Pro Tip: Before removing the studs, use a reciprocating saw to remove the plaster from the ceiling about 6-12 inches from the wall in either direction. This can make it easier for you to access the joists and attach the header beam.
Installing the Load-Bearing Beam

The most important part of load-bearing wall removal is installing the load-bearing wall beam.
- Purchase a precut header beam or build your own from boards and filler strips.
- Install floor-to-ceiling king studs at either end of the open space. Existing studs may already be in the framework, but they should be reinforced with additional king studs to ensure they can support the increased load.
- Nail temporary support ledgers against the inside face of the king studs. These will hold the beam in position while installing the jack studs. The ledgers should be a half inch deeper than the depth of the beam, giving you room to move the beam into place against the joists.
- Measure the inner distance between the king studs to confirm the length of the span. If needed, use a miter saw or circular saw to adjust the length of the beam.
- With assistance, position one side of the beam on the support ledger of the stud on one side. Then lift the other side of the beam onto the other stud’s support ledger.
- Attach 2- x 4-inch side cleats to either side of both king studs, making a temporary channel to ensure the beam stays in place.
- Raise the beam until it presses firmly against the ceiling. Ensure the beam is level and straight.
- Wedge jack studs at either end to support the new load-bearing beam. Ensure the jack studs are tight against the king studs and secure them with screws.
- Once the jack studs are in place, remove temporary ledgers and cleats.
- Nail the beam to each ceiling joist.
- Use metal hurricane straps to attach the beam to the jack studs at either end.
- Remove the temporary walls.
After removing the wall and installing the beam, you’ll need to finish the area.
Tips for Load Bearing Wall Removal

Consider these tips when removing load bearing walls.
- Wear dust masks and other PPE when removing the drywall.
- Consider placing additional temporary support on the floors below where you’re removing the load-bearing wall.
- When sizing the beam, remember that the longer the span, the stronger the beam needs to be.
- Laminated veneer lumber (LVL) beams are stronger than dimensional lumber of equivalent size.
- Instead of removing an entire wall, leave one or two stud supports intact at one end to create a “wing wall.” This can provide useful support while making it easier to reroute plumbing lines and other utilities.
- One method to raise a beam is to place a car jack and a temporary post under the beam, then gradually elevate it until it meets the ceiling.
- After removing the load-bearing wall, periodically use a laser distance measurer to make sure the ceiling is not sagging.
What Is the Cost to Remove a Load-Bearing Wall?
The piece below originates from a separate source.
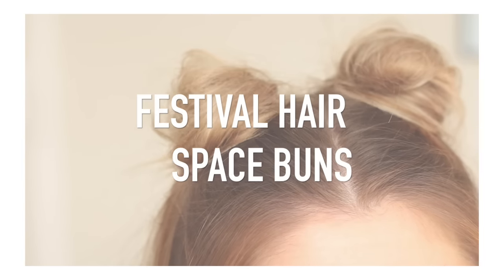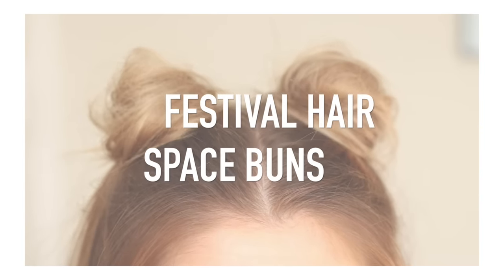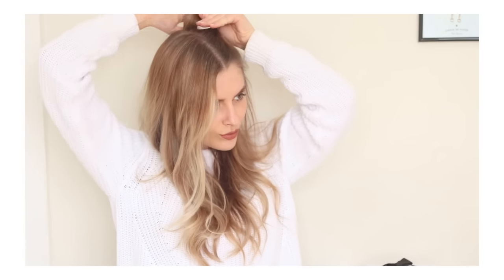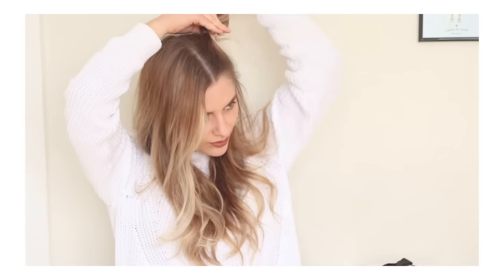Hey everyone, so today I'm just doing this festival hair with little space buns, it's quite a cute one. I'm starting out with sort of disheveled looking curled hair and then I'm taking the first little section — just the top section of my hair — and combing that up so that I can pop it into a little clear elastic.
Removing a load-bearing wall is more costly and complicated than removing a non-load-bearing wall (also called a partition wall or curtain wall). Make sure your client understands the expense of making structural changes.
The construction costs for removing a load-bearing wall in a single-story home can range from $2,000-$5,000. If the job includes rerouting plumbing and electrical wiring, this range can increase to $4,000-$10,000. Second-story load-bearing walls may require additional structural support and can cost from $9,000-$15,000.
In addition to removing the bearing wall itself, these costs include the following:
- Material delivery
- Drywall removal
- Installation of temporary supports
- Installing the new beam
- Finishing walls, floors and ceiling as needed
The above costs do not include permits or inspection fees.